The Brighton trio have been quietly doing their acoustic thing since 1997, and are led by ex-Levitation keyboard /guitar player Bob White, along with two fellow cohorts lost forever in a twilight beer-hall world of times gone by, with gentle sentiments and lulling acoustic charms. The Milk and Honey Band are host to forlorn melodies, chiming guitars, and all that English whimsy pop could offer and left to curdle on the shelf .
Resolutely upbeat lyrics, delivered in a voice tinged with regret, of sunny days, suitably distant girls, and starry-eyed vague dreamers, call to mind Crowded House, the wobbly vibrato of David Gray, Elliot Smith, or Ron Sexsmith in their close-harmony-laden syrupy nostalgia. This is not all limp-wristed acoustic feyness though, they do have some musical backbone, but it seems set in a resolutely stooped and apologetic stance when attempting to rock out. Once they have set up camp the formula is repeated ad nauseum. An enthusiastically strummed acoustic guitar figure circles away, while Bob keens and moans (albeit harmonically) an electric guitar comes in with a little bit of phase to make it a bit ‘far out’ while the drumming is solid, if uninspired.
Four Leaf Clover does have a certain charm, in its village-green brass-band wooziness, Boy From The Moon possesses an experimental shuffling groove, briefly daft lyrics (‘little jimmy’s grown up/ looking like a donut’) and Road builds and falls through some fine guitar and keyboard wig-out, at times recalling Doves, to lift this above the rest.
Silver Horse does rock out in a droning fashion, with guitars chiming around lush orchestrations and dense banks of phased keyboards. Several tracks practically disappear with the sleightness of touch, Sold My Star and Satellite are vague wisps of mildewy codswallop that offer nothing in the way of variety and become practically indistinguishable from the rest of the syrupy badness.

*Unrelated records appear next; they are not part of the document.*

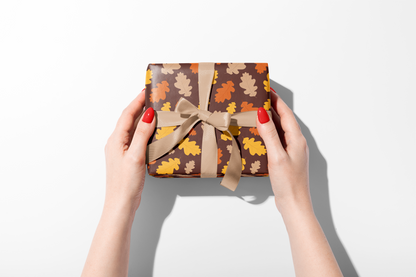Dense fall wrapping paper with a scattered pattern of stylized leaves in burnt orange, brown, and yellow, ideal for autumn and Thanksgiving gifts.
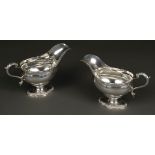 * Sauce Boats. A large pair of George V silver sauceboats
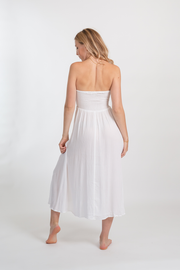 Koy Resort miami convertible smocked hi-lo hem 2-1 skirt/ dress in white. Blonde model wearing White Natural Miami Bandeau Skirt/Dress with a convertible 2-in-1 style. Features figure-flattering smocked fabric, hi-lo skirt, and ruffle sleeve. Lined bodice and skirt, and bra friendly. Versatile and stylish, perfect for various occasions. Koy Resort affordable vacation, cruise, and resort-wear.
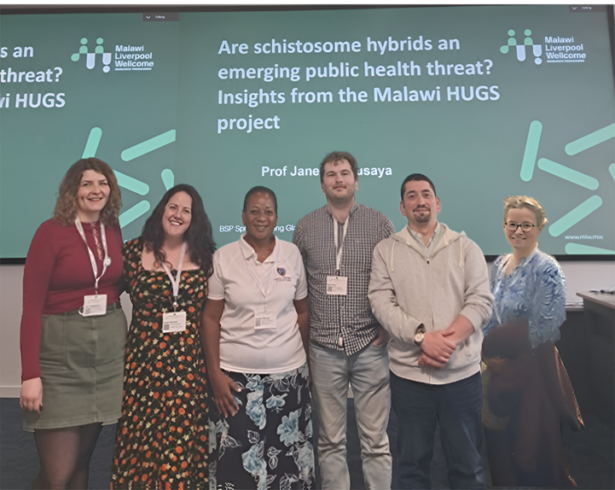 Six researchers stand together in front of a conference slide about the Malawi HUGS project with smiles on their faces.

The Secret Life of the Milk and Honey Band is not outright offensive, just too much sustained downbeat sweetness which produces the urge to give them a hearty slap to wake them from their nostalgic reverie. Like eating trifle, it’s good once but not for ever. These are songs for rainy days waiting for the sun. The only problem is that once the sun is shining, milk and honey are furthest from your mind.